Não se conformando com a decisão, o Representante da Fazenda Pública, interpôs recurso da mesma, tendo, nas suas alegações de recurso, formulado as seguintes conclusões:

«84. In casu, deveria ter sido dada uma maior acuidade ao escopo do consignado no artigo 23º, 24.º e 74.º da LGT; arts. 153º e 160º do CPPT; arts. 342.º, n.º1 e 350.º,n.º 1 ambos do CCivil; art. 11.º do assim como ao teor do vertido nos contratos de fls. 73 e sgs. do PEF junto aos autos (os quais não foram valorados pelo respeitosos tribunal a quo),

85. assim como ao teor da Certidão do Registo Comercial que faz parte integrante do PEF junto aos autos (a qual não foi devidamente valorada pelo respeitoso tribunal a quo),

86. Tudo devidamente condimentado e com arrimo no respeito pelo princípio da legalidade (art. 103.º da nossa mater legis).

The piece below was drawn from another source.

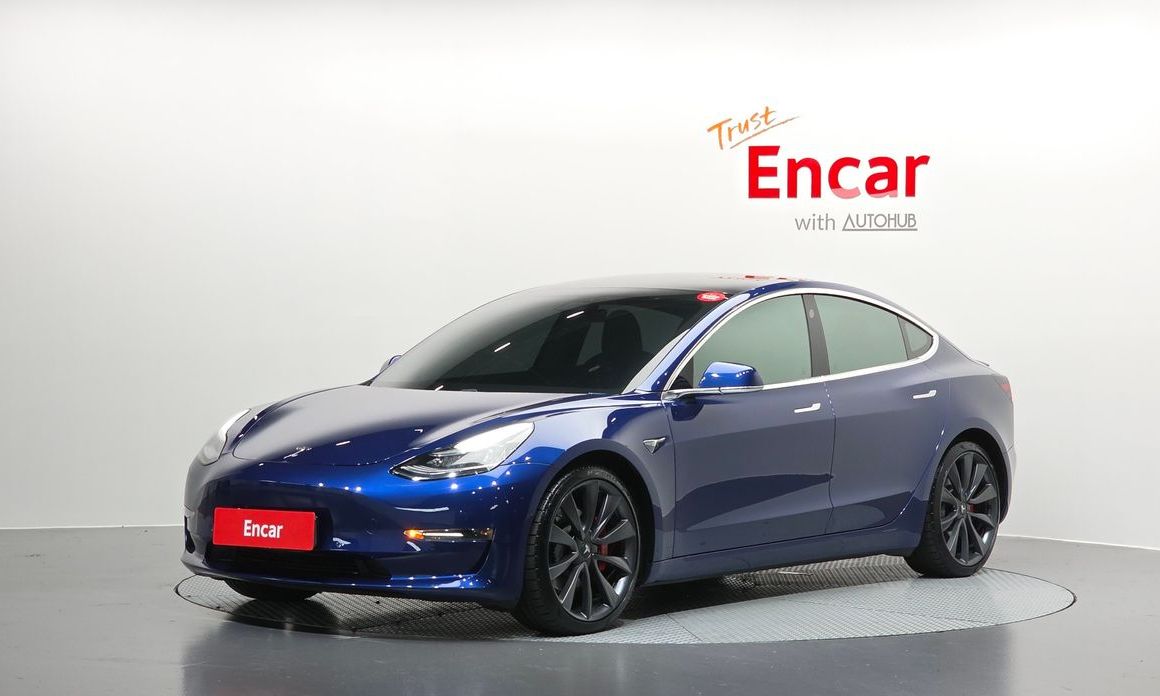 Tesla Model 3 2020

87. Para que, se pudesse aquilatar pela IMPROCEDÊNCIA DA OPOSIÇÃO aduzida pelo Recorrido, contrariamente ao que foi considerado na douta decisão recorrida, maxime, para que fosse alvitrada pelo respeitoso Tribunal a quo, a qualificação do Oponente como parte legitima na execução em apreço.

88. Pelo que, a Recorrente, com o devido respeito, conclui não ter razão o Tribunal a quo, que julgou num determinado sentido que, perante o acervo probatório documental constante dos autos e da matéria de facto dada como assente, devidamente conjugada com os demais elementos constantes do processo sub judice,

89. não tem a devida correspondência com a ilação jurídica que deveria ser colhida daquele acervo documental e com o modo como as normas que constituem o fundamento jurídico da decisão a quo deveriam ter sido interpretadas e aplicadas no que concerne à vexata quaestio sindicada.

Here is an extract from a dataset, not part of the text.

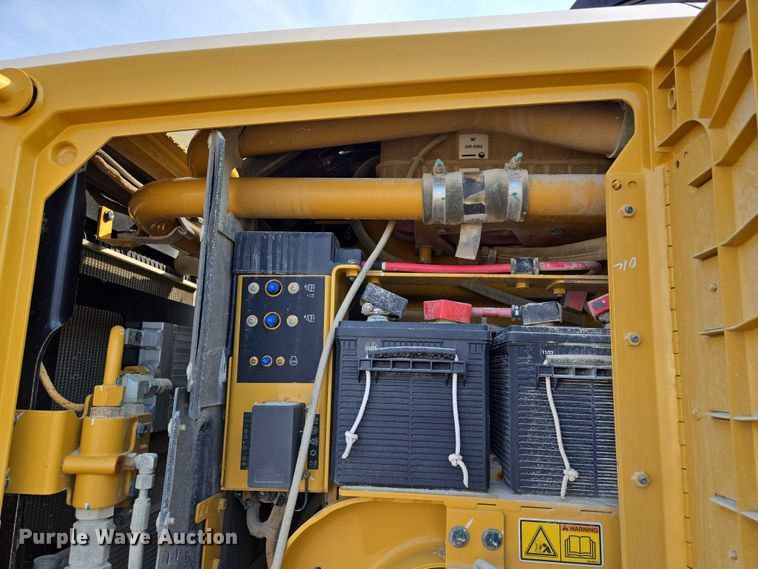 image for item EF1840 2018 Caterpillar 140M3 motor grader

90. Decidindo como decidiu, o respeitoso Tribunal a quo não apreciou e/ou valorou, como deveria, o teor do acervo documental existente nos autos, mormente, não considerou como deveria o teor dos contratos (mais de 50) existentes nos autos, de fls. 73 e sgs. do PEF junto aos autos sub judice. 91. E, não o tendo feito correctamente, retirou ilações jurídicas daquela acervo documental que conduziu a uma errada interpretação e aplicação do direito aos factos, mormente das normas legais supra vazadas ao caso concreto.

92. Aliás, tudo assim, conforme melhor é explanado e vertido nos itens 16.º ao 74.º das Alegações que supra se aduziram e das quais as presentes Conclusões são parte integrante.

POR CONSEGUINTE,

93. Por tudo quanto vai dito, salvo o devido respeito, que é muito, o Tribunal a quo lavrou em erro de julgamento.

NESTES TERMOS E NOS MAIS DE DIREITO, com o mui douto suprimento de Vossas Excelências, deve ser concedido total provimento ao presente recurso e, em consequência, revogar-se a sentença proferida com as devidas consequências legais.

CONCOMITANTEMENTE, Apela-se desde já à vossa sensibilidade e profundo saber, pois, se aplicar o Direito é um rotineiro acto da administração pública, fazer justiça é um acto místico de transcendente significado, o qual, poderá desde já, de uma forma digna ser preconizado por V. as Ex.as, assim se fazendo a mais sã, serena, objectiva e acostumada JUSTIÇA!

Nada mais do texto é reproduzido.